Huang led a delegation to the World Cities Summit, a biannual event held in Singapore to discuss good governance and urban solutions for building a livable and sustainable city.

Singapore, a densely populated city-state in Southeast Asia, is seen as a role model worldwide in providing innovative solutions to meet people's rising housing needs amid a rapidly growing population, a critical problem shared by major Chinese cities as the country's urbanization drive accelerates.

"We are learning from Singapore's twin-track mechanism. Besides properties offered by private real estate developers, the government should provide more housing options for residents, as many of them cannot afford to buy from private developers," Huang said.

In Singapore, its public housing authority provides well-designed and affordable homes for some 82 percent of the country's 3.7 million people through granting subsidies to first-home buyers and offering various kinds of home ownership schemes, while high-end apartments are targeted at rich people with their monthly earnings exceeding some $5,750.

As China's largest municipality, Chongqing is under pressure to provide homes for more and more rural people migrating to the city for work.

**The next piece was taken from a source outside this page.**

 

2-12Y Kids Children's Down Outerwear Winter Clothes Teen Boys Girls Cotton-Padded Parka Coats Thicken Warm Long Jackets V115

The situation is similar in other major cities, as 15 and 20 million people are migrating to Beijing, Shanghai, and second- and third-tier cities in the mainland every year.

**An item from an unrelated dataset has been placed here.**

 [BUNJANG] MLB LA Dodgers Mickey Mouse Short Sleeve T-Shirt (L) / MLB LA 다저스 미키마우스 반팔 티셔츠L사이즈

After China launched housing reforms in the late 1990s, commercial real estate developers became the main housing providers on the market, while the limited supply of affordable housing was unable to meet rising demand, driving up the country's property price more than 10 times in the past two decades, Huang said.

The housing problem has become even more acute this year, as frustration over soaring property price intensified in the country's top-tier cities.

Even though the property sales volume nationwide has fallen on the tough government clampdown on runaway property market, prices showed little sign of easing, rising 12.4 percent in May from a year earlier, the second-fastest pace on record.

At a national conference on public housing held in mid-June, Vice-Premier Li Keqiang pledged to step up the supply of public housing nationwide to meet low- and medium-income people's housing needs.

Huang said the city's public housing program, which is targeted at the 30 percent of city dwellers with relatively low incomes, such as rural migrants, will help drive down property prices in the city.

He said the public housing can be rented at a price 40 percent lower than the market level and may even be bought by the leaseholder later at a discounted price.

However, public housing resale is forbidden in the second-hand property market to prevent residents in public housing from making windfall profits via reselling the house at the market price, he noted.